Malgré les appels de virtuellement toutes les organisations de défense des droits de l’homme, de défense de la liberté de la presse et de la liberté d’expression, d’organisations et de syndicats de journalistes, Priti Patel, la ministre anglaise de l’Intérieur, vient de signer l’extradition de Julian Assange. La défense a 14 jours pour faire appel. L’appel peut être refusé.
Le silence gêné de la plupart des « grands medias » qui ont exploité abondamment les données de Julian Assange dont la peine peut aller jusqu’à 175 ans de prison est vertigineux et honteux.

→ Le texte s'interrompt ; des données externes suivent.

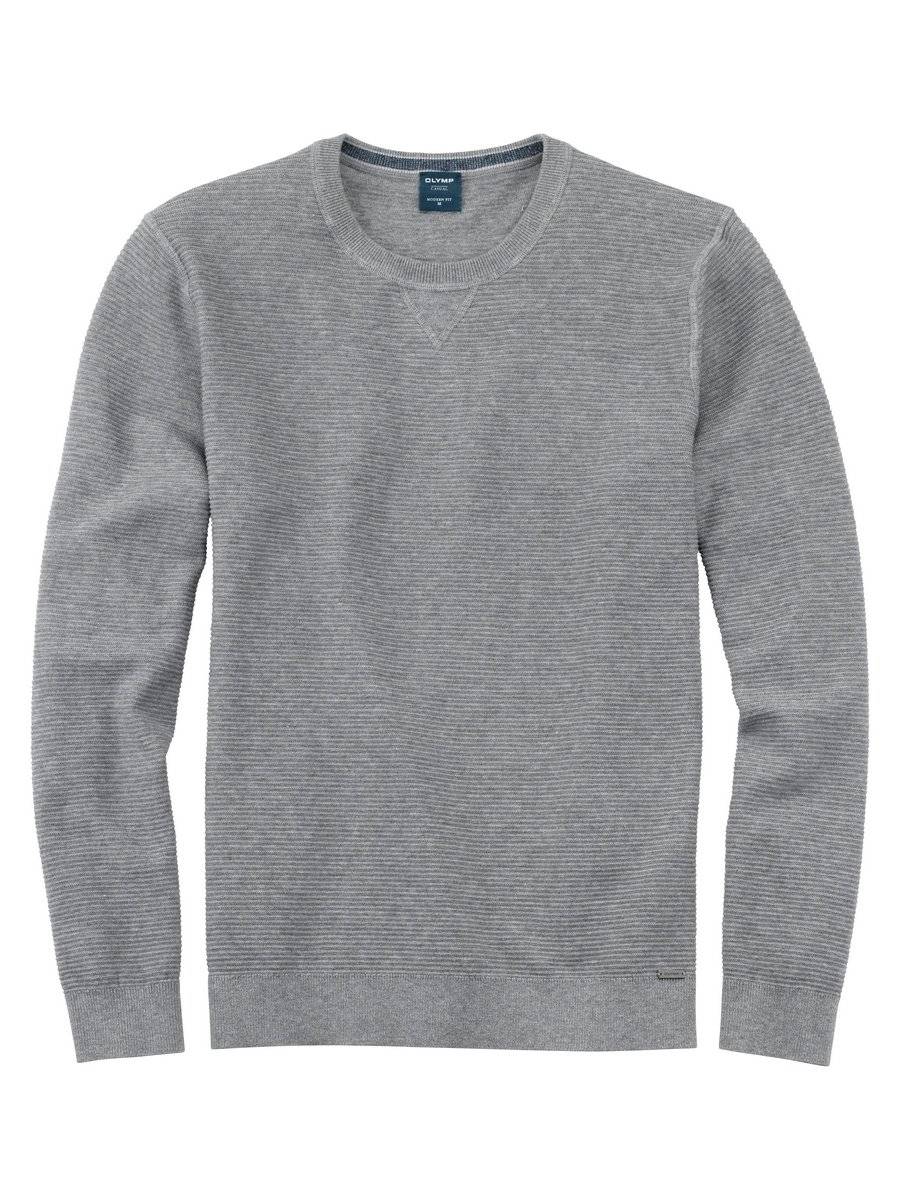 Olymp Maglione girocollo olymp grigio in cotone bio modern fit Fino Al -60%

« Le Jour où le journalisme est mort », une chronique de Viktor Dedaj
Il s’agit d’une grande victoire pour la presse institutionnelle qui a tout fait pour réduire « la plus importante affaire de presse de notre existence » (dixit John Pilger) en un vulgaire faits divers. Une presse qui a relayé pendant plus de dix ans tous les mensonges, calomnies et légendes urbaines qui ont servi d’écran de fumée pour occulter les vrais tenants et aboutissants. Le résultat fut celui qui avait été prévu et planifié dès 2010 : faire disparaître le cas Assange de la conscience collective et procéder à l’élimination – médiatique si possible, physique si nécessaire – du journaliste le plus innovant, primé, efficace et dangereux (pour les pouvoirs corrompus) du 21ème siècle.
Une presse si prompte à faire du « fact-checking » lorsqu’il s’agit de sauver un récit officiel mais si absente lorsqu’il s’agit de sauver le représentant le plus conséquent de notre droit de savoir. Des accusations de viol (qui n’ont jamais existé) jusqu’aux pseudos « mises en danger » de vies, en passant par la qualité de ses chaussettes, rien ne lui aura été épargné. Avec une mention spéciale pour tous ceux qui ont collaboré et profité et gagné de petites fortunes sur le dos de Wikileaks, et qui n’ont pas trouvé une once de courage – ou de volonté ? – pour exprimer leur solidarité avec lui.
Et comme à chaque fois que le nom de Julian Assange apparaît dans les fils de l’actualité, on assistera à un défilé de trolls en mission, dont certains sont munis d’une carte de presse, qui nous asséneront leurs conneries habituelles. Je serais tenté de dire que l’Histoire leur sera ingrate, mais encore faut-il que l’Histoire ne soit pas réécrite au passage, comme ils l’ont déjà fait et comme ils sont encore en train de le faire.
Le meilleur des journalistes
Bien-sûr, ils diront qu’en ce qui concerne Assange et Wikileaks, il ne s’agissait pas vraiment de journalisme et que la presse institutionnelle sera toujours là pour nous informer correctement.
Le journalisme est mort non pas au fond d’un cachot, non pas d’une balle dans la tête, non pas dans l’explosion d’une voiture, ni même découpé dans une ambassade saoudienne. Il est mort le jour où il a choisi la complicité en laissant filer en silence et vers l’oubli le meilleur d’entre eux.